Osky, traveling in 1994, was on one of Aroyan’s earliest trips.6 In those early years, Aroyan cautioned pilgrims to ask little about the past, and not to speak Armenian unless they were inside the bus. Tensions relaxed somewhat over time, but were again heightened in 2007 with the assassination of Hrank Dink, the editor of Istanbul’s Armenian newspaper, Agos, although his violent death also opened a window to hear the many voices of those in Turkey who were sympathetic to Armenians and angry about their current and historical mistreatment. In fact, by the time of the genocide’s centennial commemoration, in April of 2015, pilgrims rarely hid their identities and their quests. But almost immediately afterward, following the Turkish state’s reaction to electoral gains by the Armenian-friendly pro-Kurdish party in June of 2015, followed by a coup attempt in July of 2016, the state shone a searchlight on every supposed “enemy,” which, together with the state’s resurgent nationalism, again made being openly Armenian problematic for pilgrims, a situation that poses a continuing risk for Armenians still living in Turkey. Thus, the displacement and liquidation of the Armenian populations of the Ottoman Empire not only constituted a formative Armenian historical trauma, but it remains raw.

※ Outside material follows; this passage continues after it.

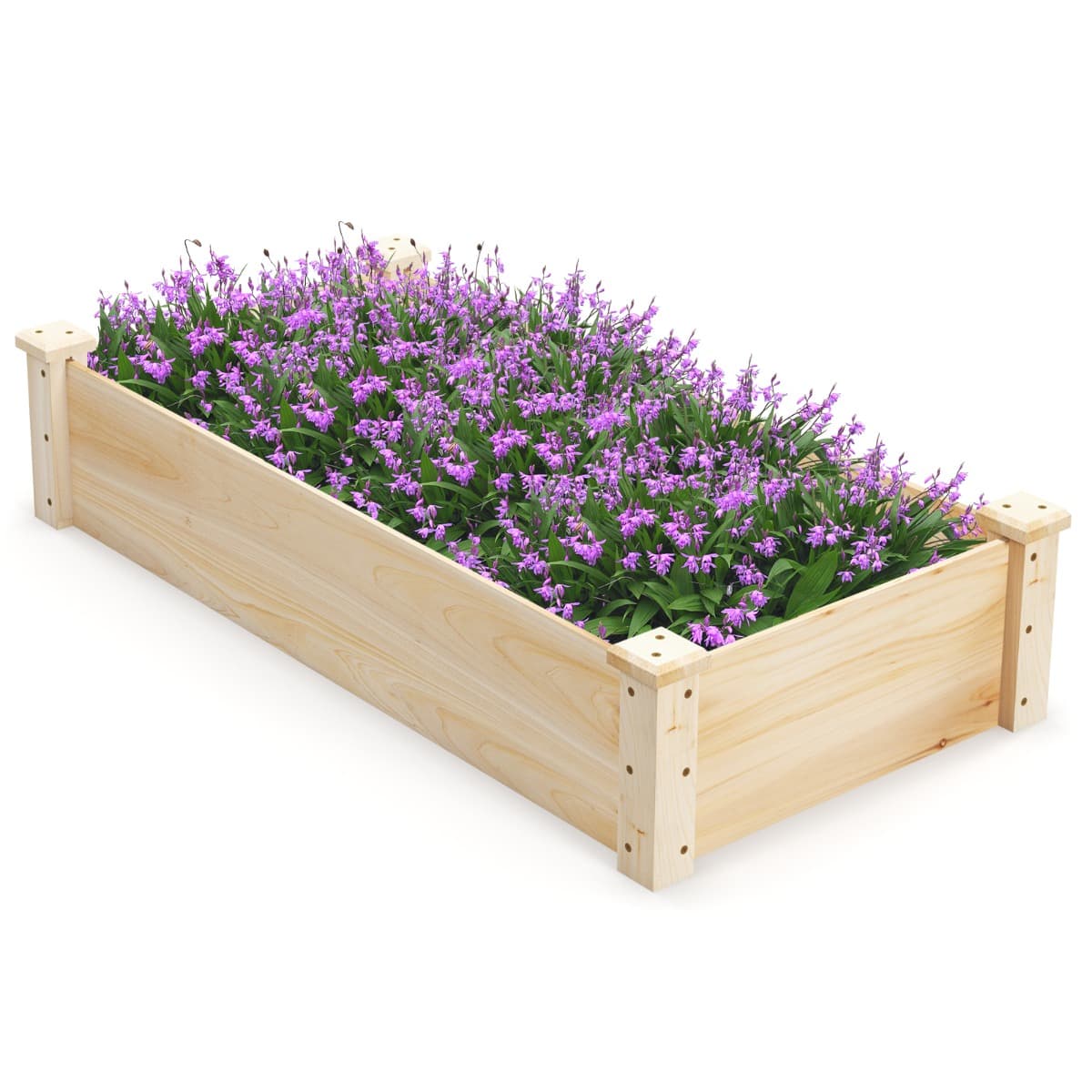 Comparatif des meilleures serres de jardin en 2026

Central to the present study are over a dozen of these Aroyan group pilgrimages that I accompanied between 2007 and 2015, along with several of my own trips with individual pilgrims. These experiences made clear how the homeland was defined by the house, or by the village where that house once stood (Figure 1). Aroyan organized his trips around groups whose home villages were somewhat near to one another, although traveling between them could still turn out to be difficult because the land is often mountainous, and villages that seem close on a map may be separated by many hours of driving on tortuous roads. Our days were long and hard, often with no places for food or rest stops, but not as hard for us as they were for Aroyan, who daily gave every ounce of energy to finding everyone’s village, getting there, and then helping pilgrims locate markers of their family memories: he remembered such things as a pilgrim’s having spoken about the large tree that a grandparent had described; if it was there, he would find it, even if the house itself was gone. Calling ahead from the front of the bus as it began to get dark, he arranged for dinners to appear long after everything was closed, often surprising pilgrims with familiar local dishes; and at the end of each day, we found that he had reserved (always adequate but most often quite luxurious) accommodations for tired travelers returning from their long day’s journey.

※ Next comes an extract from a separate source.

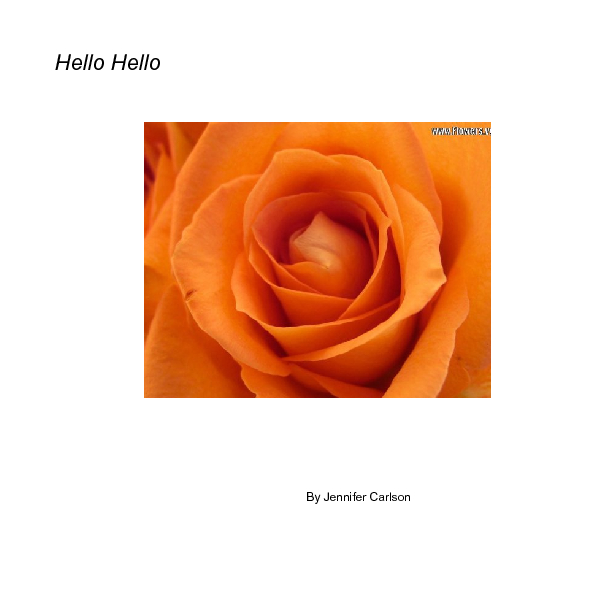 book cover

The difficulty of travel, including finding villages that seemed to have disappeared, or whose names had been changed, meant that only a relatively small number of pilgrims would travel alone. A few traveled in groups led by organizers other than Aroyan. I am able to draw on a relatively large group of pilgrims because, along with my personal observations of well over one hundred pilgrims, including conversations and written communications that span an eight-year travel period, I have also constructed an archive of several hundred other pilgrims’ journals, memoirs, blogs, photographs, letters, maps, drawings and creative works. Many of these travelers were among the several thousand pilgrims who have traveled with Aroyan over the years, and my information about them comes in part from the videos Aroyan took during every pilgrimage (now in the Armen Aroyan Collection at the University of Southern California Institute of Armenian Studies) as well as from the many articles about their trips that they wrote and then sent to him for a collection that is yet unpublished. I also found and personally contacted many of these pilgrims, whether they had traveled with Aroyan, alone, or with others. Although most of the pilgrims I follow are from the American diaspora, some are from outside it including some Armenians who had fled to Istanbul.7 I also have materials from pilgrimages that predate these contemporary trips. None of them traveled because they wanted to see the tourists sites of Turkey; their goal was the little known, often hard to find and hard to reach domestic places in the interior, and when asked “Why?” each would surely give the same answer Chris Bohjalian gave: “Because I am Armenian and that’s where my family once lived.”8 In all, my archive spans over fifty years.


FIGURE 1. A pilgrim, hoping to find her ancestral house, walks as she photographs an old neighborhood in Kharpert, 2007. Photo by the author, Carel Bertram.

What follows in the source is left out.